The One Who Humbles Himself!”

 A sermon based upon Luke 18: 9-14
By Rev. Charles J. Tomlin, BA, MDiv, DMin.
Flat Rock-Zion Baptist Partnership,
November 10th, 2019

There was a very lost, wicked, rebellious man who decided it would be good for business if he went down to the church and joined it. He was an adulterer, an alcoholic, and had never been a member of a church in his life.

But when he went down to the altar to join the church, he gave public testimony to the church that there was no sin in his life, and that he had grown up in the church, and they readily accepted him as a member.

When he went home he told his wife what he had done, and his wife, a very godly lady, exploded. She excoriated him for being such a hypocrite, and demanded that he go back to the church the next week and confess what he really was. Well, God used his wife to really break him, and he took it to heart.

The next Sunday he went back to the church, walked down to the front again, and this time confessed to the church all of his sins. He told them he was dishonest, an alcoholic, an adulterer, and he was sorry. They revoked his membership on the spot. He walked out of the church that day scratching his head and muttered to himself: "These church folks are really strange. I told a lie and they took me in; and when I told the truth they kicked me out!"  (As Told By James Merrit).

Jesus once told a story of two men in a similar situation who got totally different results.  One man tried to talk himself into God's kingdom, but he didn't make it.  The other man tried to talk himself out of God's kingdom and he got in.  What creates this strange difference; a good man doesn’t get in, and a bad man, a scoundrel, does?  Why does it turn out this way?  Luke makes it plain who Jesus told this parable about and for. In verse v.9,  Luke explains: "Also He spoke this parable to some who trusted in themselves that they were righteous, and despised others."  The main point: trusting in yourself will not get you in.  Trusting God completely, will get you in.   So now that you know the main point, let’s move on to some details you might have missed.

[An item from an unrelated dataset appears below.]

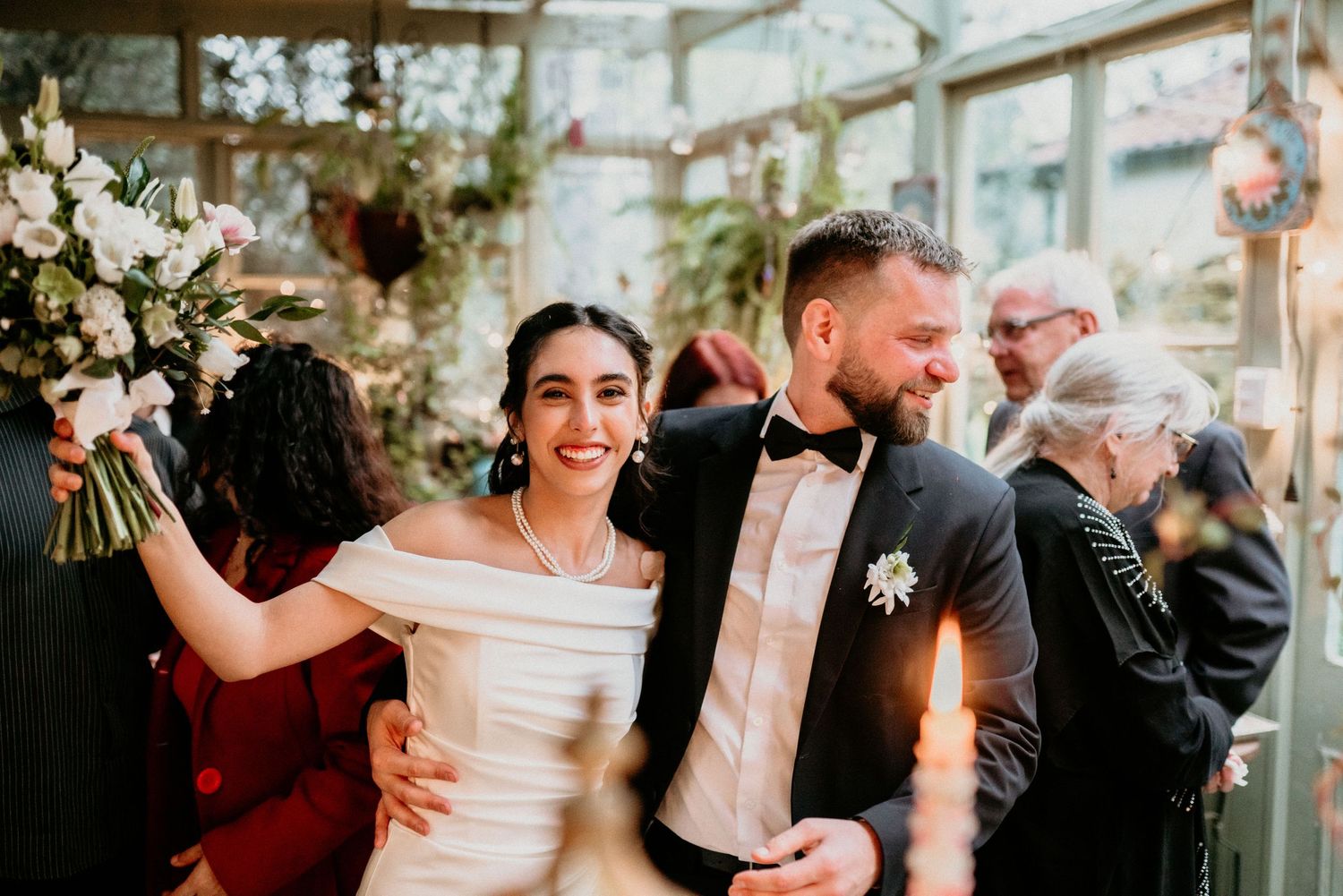 Happy couple celebrates during their wedding ceremony in a light-filled greenhouse setting with white floral decorations.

I’M NOT LIKE OTHER PEOPLE (v. 11)
Let me ask you:  Do you ever look at people who don't go to church, and think you are better than they are because you do go to church? If so, Jesus is talking to you.
Do you ever look at people in prison, and think you are better than they are because you are not? If so, Jesus is talking to you.
Do you ever look at people who are divorced, and think that you are better than they are because you are not? If so, then Jesus is talking to you.
Do you ever look down your nose at anyone for any reason, and think you might be better than them? If so, Jesus is talking to you.
I promise you, every one of you will find yourself somewhere in this story today. And in this sermon, you are also going to learn, surprisingly, I might add, what does impress God, and what doesn't. 

First, we want to talk about what doesn’t impress God.  To do this, this parable helps us move beyond the many complex faces and feelings we have.   We are looking into the human heart for what is universal among all of us.  I found an example of this on, of all places, on Netflix, after a friend recommended I see watch a show.

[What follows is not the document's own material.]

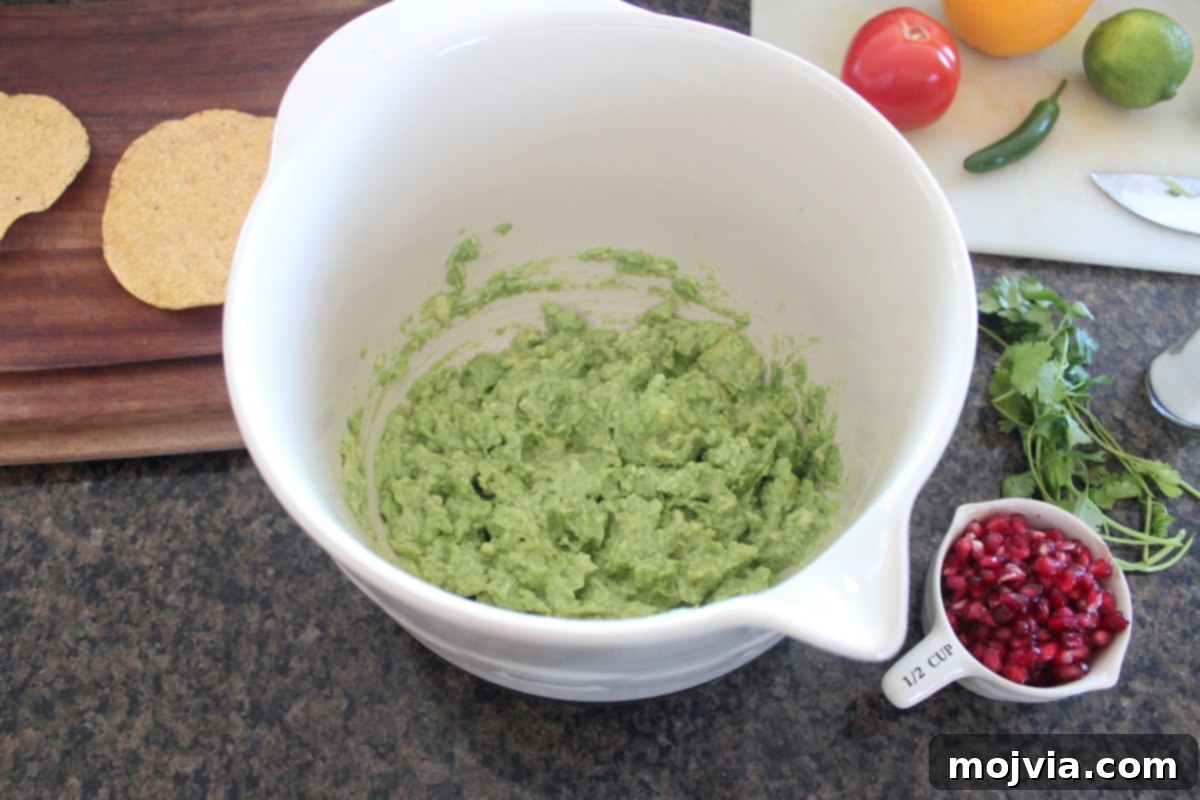 Mashed avocado in a large mixing bowl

Of course, it’s getting harder to find good things to watch on TV these days, but the story of an Orthodox Jewish family is an exception.  In these two series of episodes, called Shtisel, a young Orthodox Jew is struggling to find his life’s calling and the love of his life.  His story reminds us that feelings and emotions like love, and longing to live with meaning and purpose, are universal, but they can also be very complicated too.  Especially for those who think everything in life should be viewed in right or wrong, or ‘black and white’, feelings can be both simple and complicated at the same time.

Jesus’ story about ‘Pride’, often entitled, the Pharisee and the Publican, should be seen a simple, but also a complicated story.  What I mean by ‘complicated’ is that most of know already, that there is there is a good way to have pride in yourself, just like there is a bad way to be ‘prideful’ about oneself.   It is good for your self-esteem, and your self-image to ‘take’ pride in who you are and what you can do.  But there is also a bad way to be prideful about yourself, which is exactly what Jesus’ story, or parable is about. 

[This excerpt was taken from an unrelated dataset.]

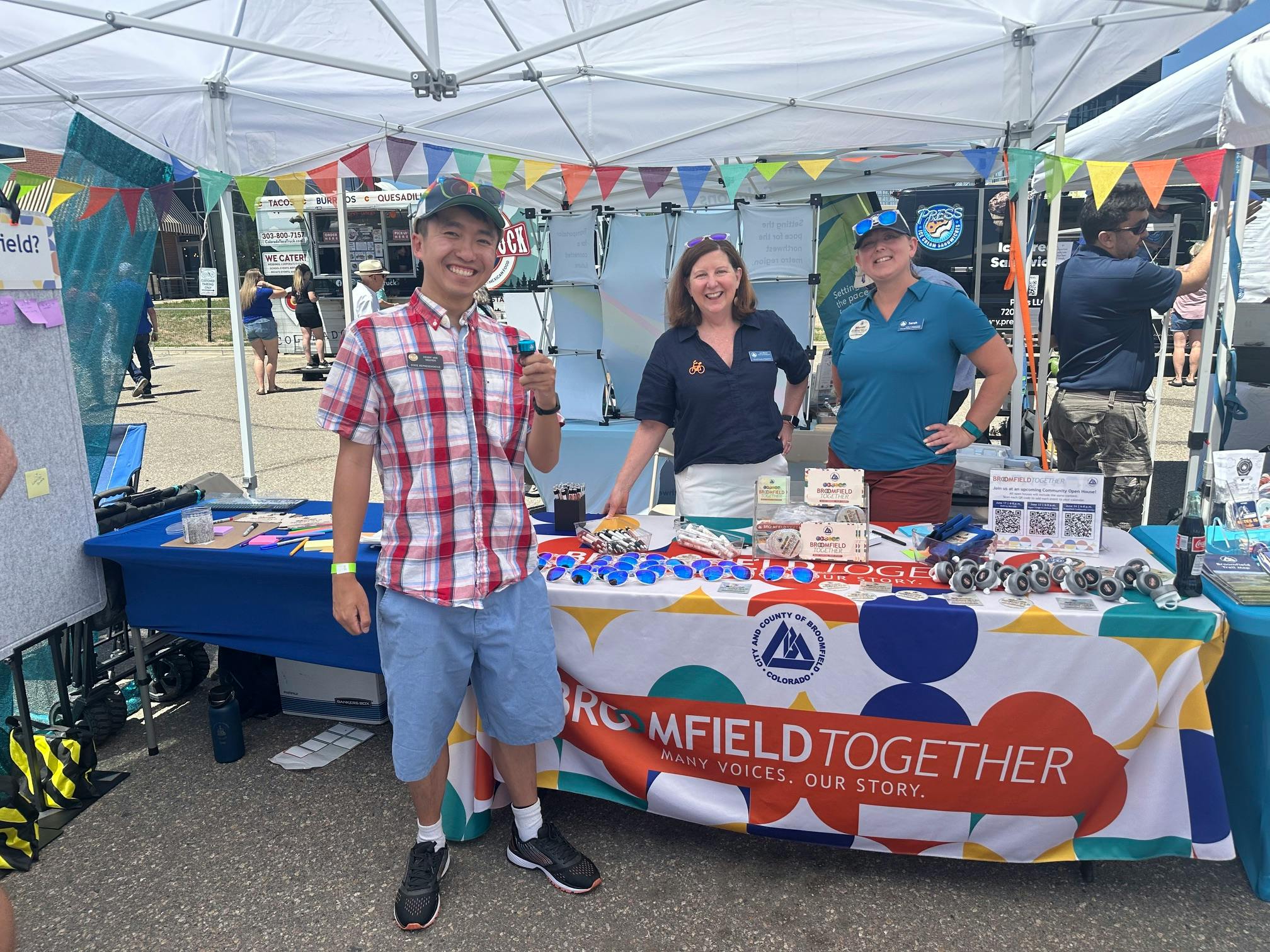 Representative Kenny Nguyen stands in a red plaid shirt and blue shorts smiling for the camera. He's standing in front of a table with a colorful Broomfield Together tablecloth. Two women staffing the booth stand behind the table smiling for the camera.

How a person can quickly move from good self-esteem to wayward pride, comes from the well-worn story about a 5th grader who came home from school so excited.  She had been voted "prettiest girl in the class." The next day she was even more excited when she came home, for the class had voted her "the most likely to succeed." The next day she came home and told her mother she had won a third contest, being voted "the most popular."  But the next day she came home extremely upset. The mother said, "What happened, did you lose this time?" She said, "Oh no, I won the vote again." The mother said, "What were you voted this time?" She said, "most stuck up."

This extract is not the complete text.